Exercise directions: Your answer must be an exact copy of the entries below, with no pictures in it.

Dataset records:
★ ★ ★ ★

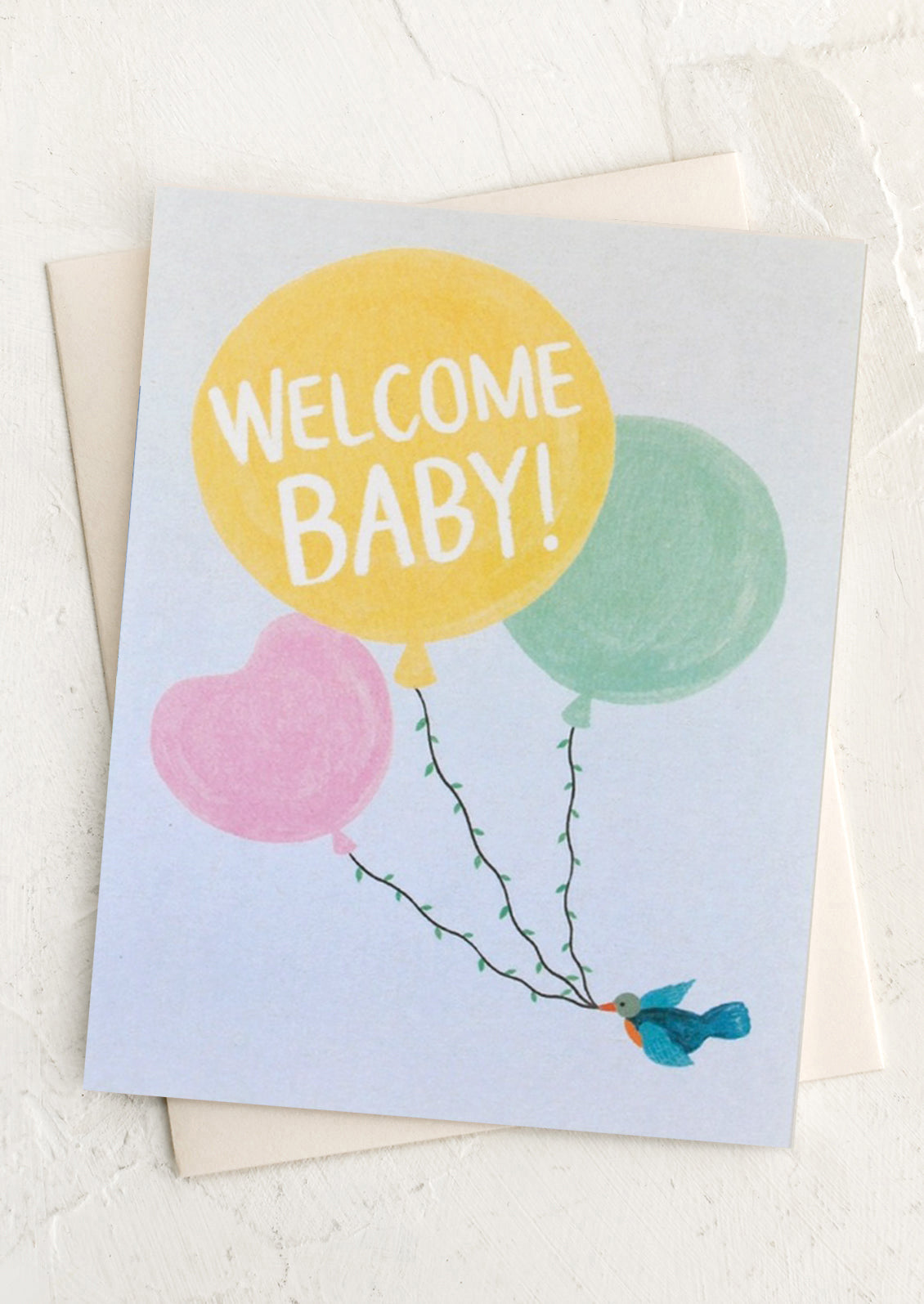 Greeting card with colorful balloons and 'Welcome Baby!' text on a light background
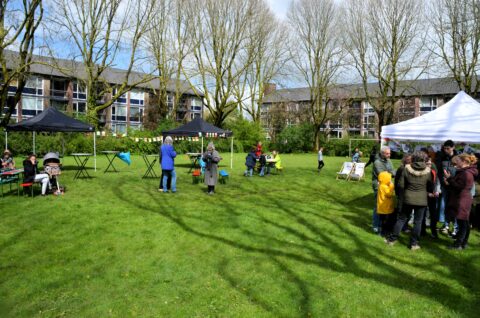 Buitenbijeenkomst op een grasveld met mensen rond tenten, omgeven door bomen en flats.
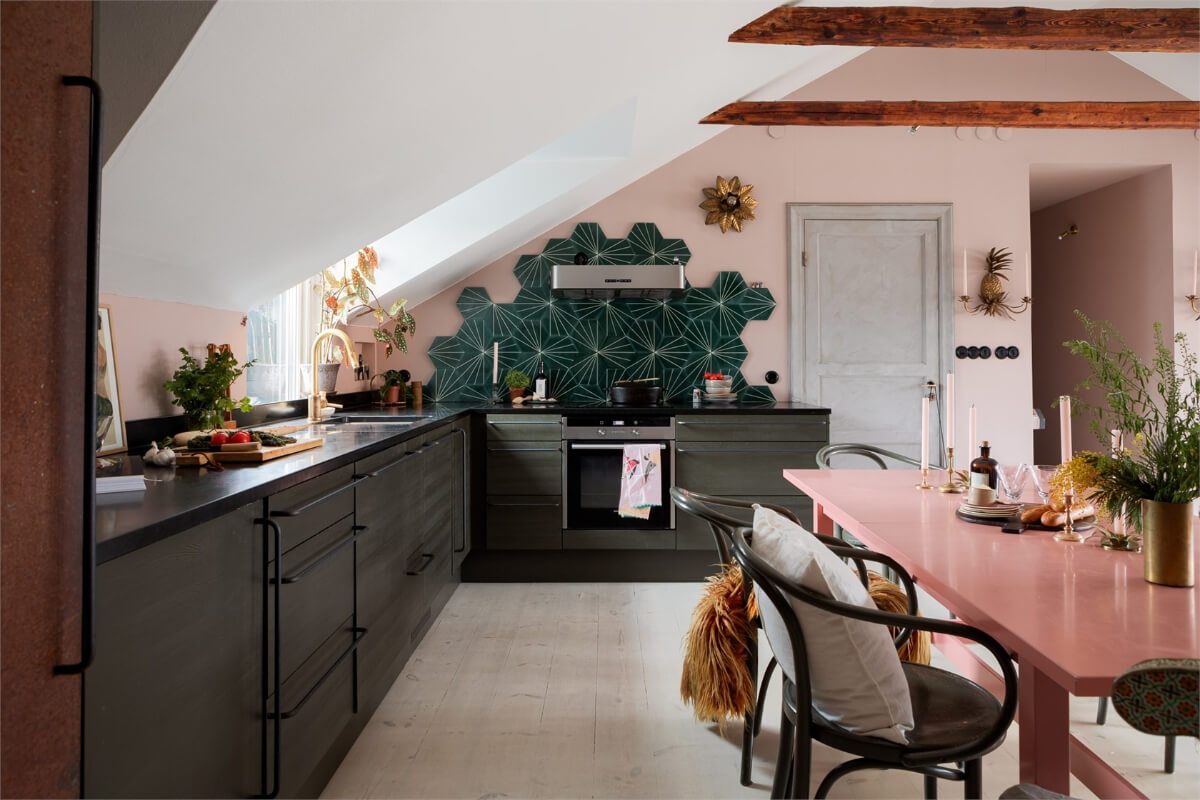 A Colorful Family Attic Apartment in Stockholm 18 kitchen pink walls green tiles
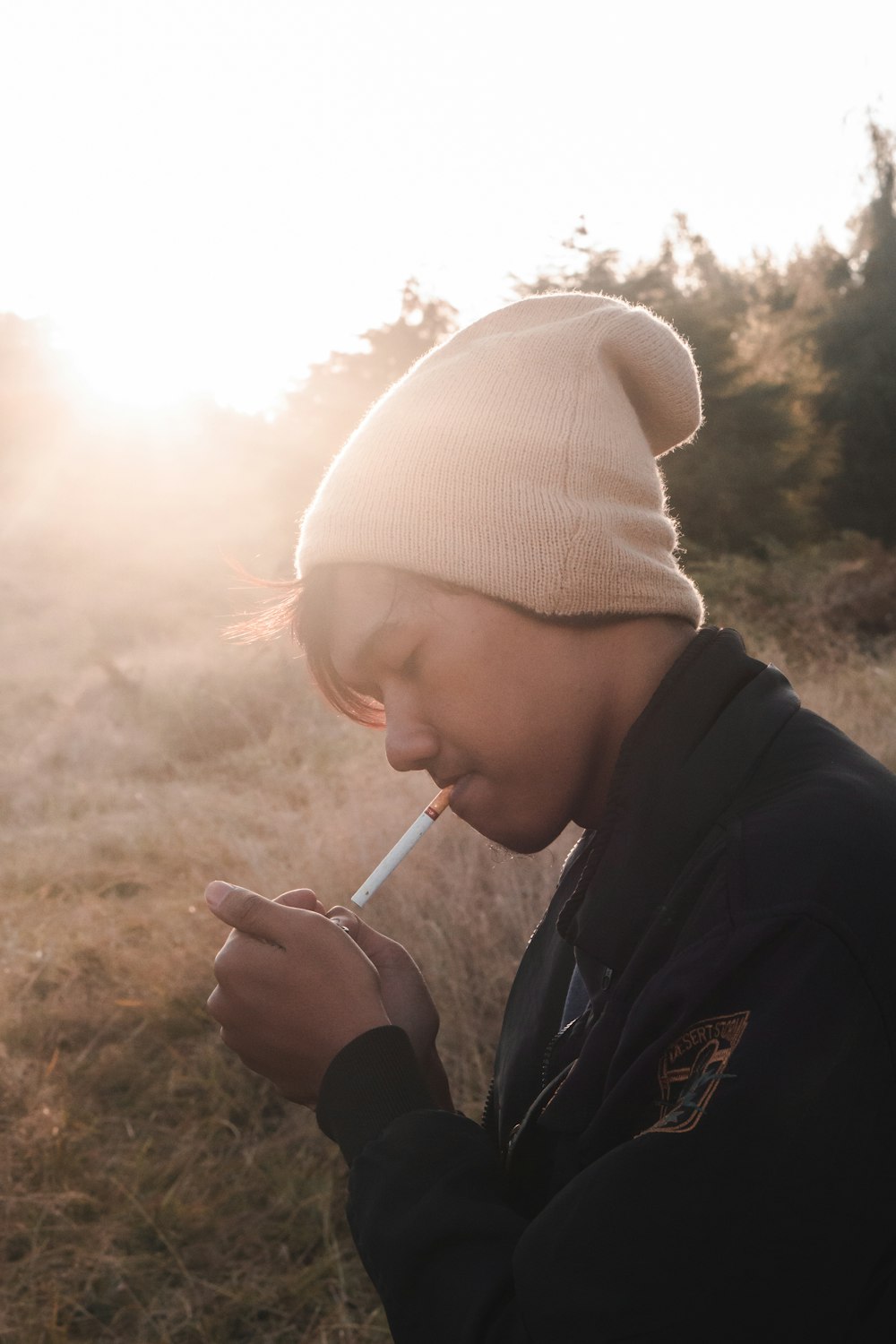 woman in white knit cap smoking cigarette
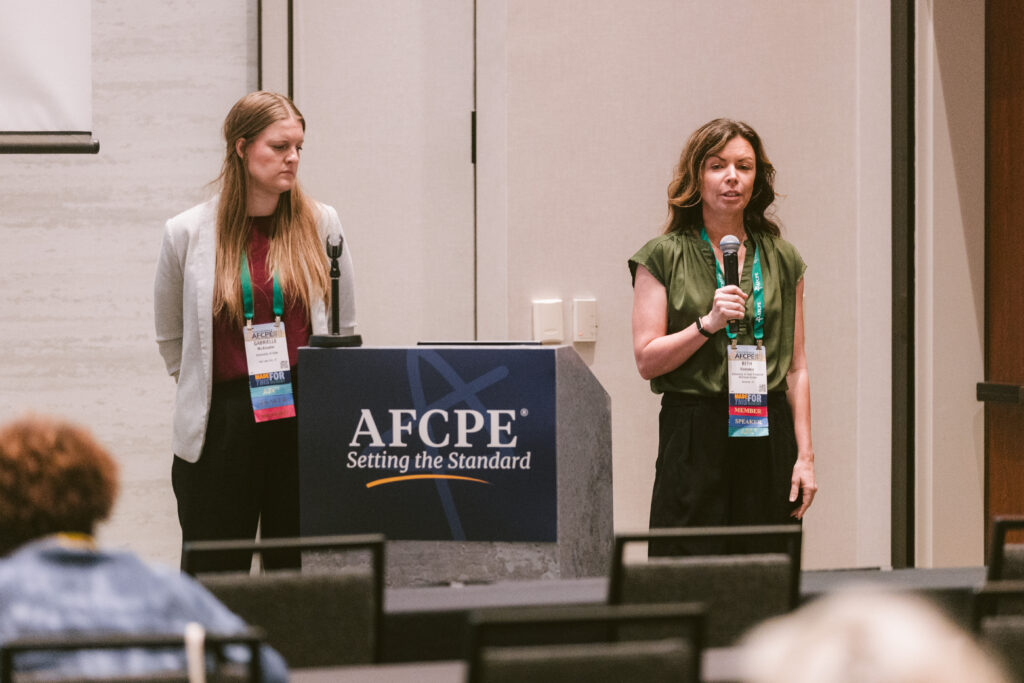 a white woman holding a microphone while another white woman watches during a presentation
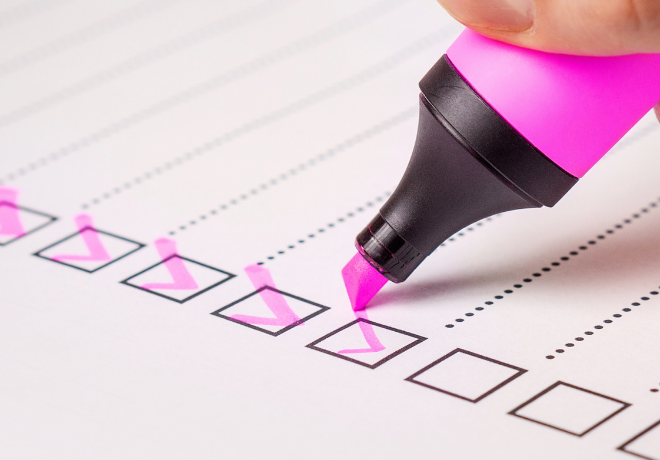 A hand holding a pink highlighter marking checkboxes on a printed checklist, with several boxes already checked.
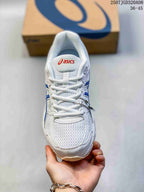 Top view of a white and blue ASICS sneaker showing the mesh toe box, white laces, and padded tongue.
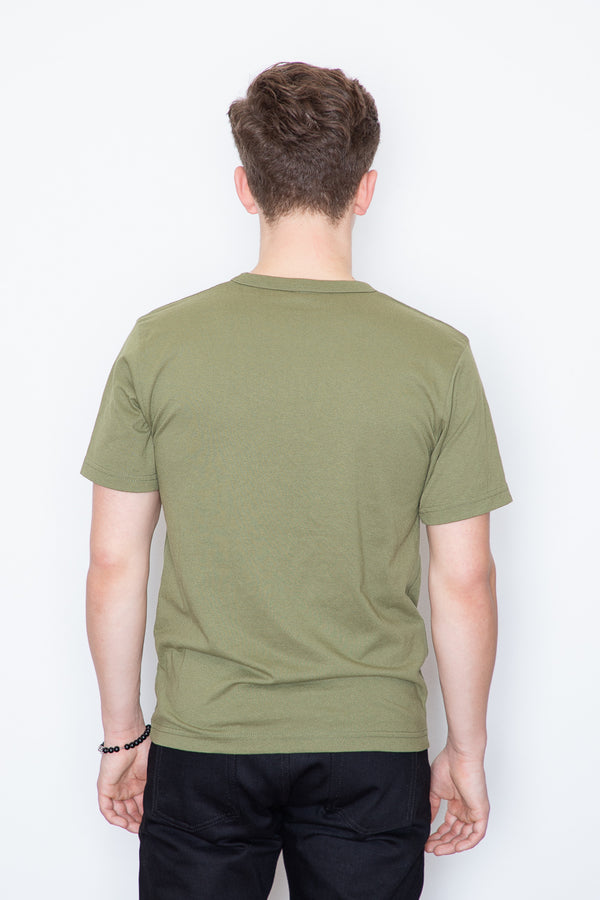 Meet your new favourite t-shirt. The muted green of this tee pairs really nicely with denim (and we would know!) This crewneck tee is inspired by vintage tees - expect a boxy, looser fit in the body. Recycled plastic bottles and recycled cotton give this t-shirt a soft feel.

★ ★ ★ ★

Exercise answer:
 Greeting card with colorful balloons and 'Welcome Baby!' text on a light background
 Buitenbijeenkomst op een grasveld met mensen rond tenten, omgeven door bomen en flats.
 A Colorful Family Attic Apartment in Stockholm 18 kitchen pink walls green tiles
 woman in white knit cap smoking cigarette
 a white woman holding a microphone while another white woman watches during a presentation
 A hand holding a pink highlighter marking checkboxes on a printed checklist, with several boxes already checked.
 Top view of a white and blue ASICS sneaker showing the mesh toe box, white laces, and padded tongue.
 Meet your new favourite t-shirt. The muted green of this tee pairs really nicely with denim (and we would know!) This crewneck tee is inspired by vintage tees - expect a boxy, looser fit in the body. Recycled plastic bottles and recycled cotton give this t-shirt a soft feel.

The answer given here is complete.